Prospects diminish for criminal justice overhaul

JUNEAU — An Alaska lawmaker’s efforts to halt the rapid growth of the state’s prison population may not come to fruition.

When it was introduced, North Pole Sen. John Coghill’s bill reduced sentences, put higher thresholds in place for property crimes and inserted a presumption of citation instead of arrest for many misdemeanors. Now, it also specifies who can serve on the state’s Violent Crimes Compensation Board, tweaks the state’s civil asset forfeiture laws and requires that Alaska’s Criminal Justice Commission draft a report on using bonds to reduce recidivism.

Alaska’s prison population grew three times faster than the resident population over the last decade, according to an Alaska Criminal Justice Commission Report that recommended ways to reduce the number of prisoners in state care by 21 percent over the next decade and ultimately save the state $424 million.

But as the bill has changed shape during its journey through the legislature, many of those recommendations, like a reduction in sentence for sex offenders who complete treatment programs in jail, have been changed or stripped from the bill entirely.

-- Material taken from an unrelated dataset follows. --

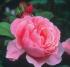 brother-cadfael1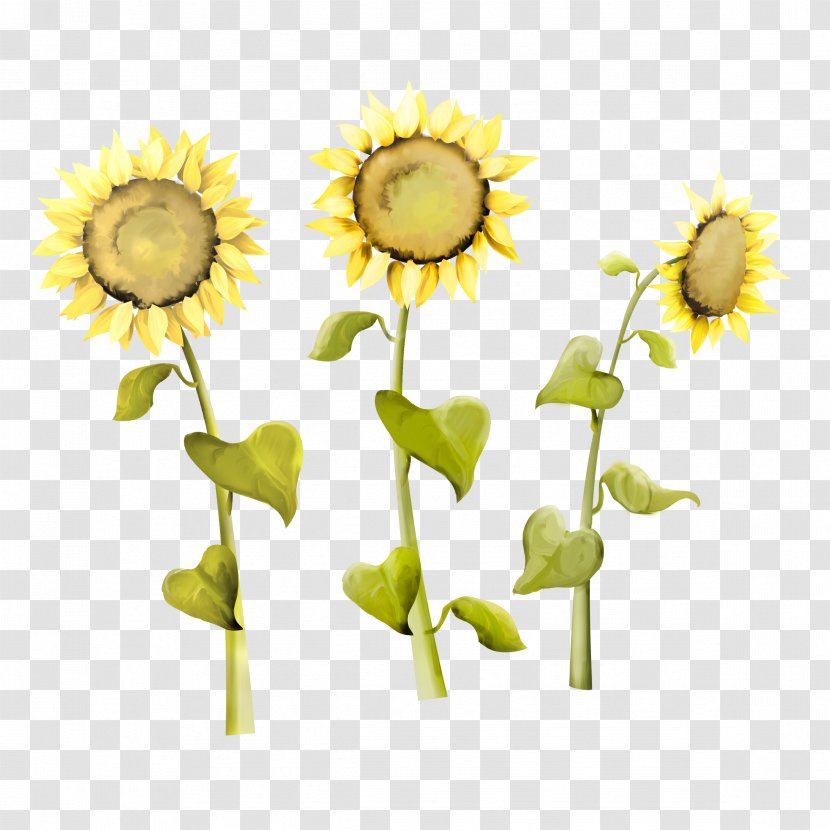 Common Sunflower Seed Kuaci Transparent PNG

Coghill said the latest version of his bill generally adheres to the framework of getting Alaskans out of jail and into treatment programs, thus saving the state money and reducing recidivism rates. But as lawmakers continue to stack previously stalled bills onto his, its passage becomes less likely this year, he said.

“I can see why people want it because they see a vehicle that looks like it might actually go and tack it on,” Coghill said. “It slows it down to where we might not be able to get things done this session because it complicates it so much.”

Of particular concern to Coghill was a controversial measure that would have provided state medical benefits for surviving family members of firefighters or law enforcement officers killed in the line of duty. Coghill said it had financial consequences that had yet to be determined.

House Majority Leader Charisse Millett, R-Anchorage, withdrew the bill after it stalled in committee.

It was offered as an amendment to the bill but House Speaker Mike Chenault, R-Nikiski ruled out of order late Wednesday afternoon.

Regardless of whether that’s added, Millett said she no longer supported the crime bill in its current form. She said the bill has been amended without being thoroughly vetted.

“I’m incredibly uncomfortable with the speed at which the crime bill has gone through the process,” she said. “We’re looking at the biggest fundamental change we’ve had to criminal justice since statehood and, frankly, we’re doing it on the fly.”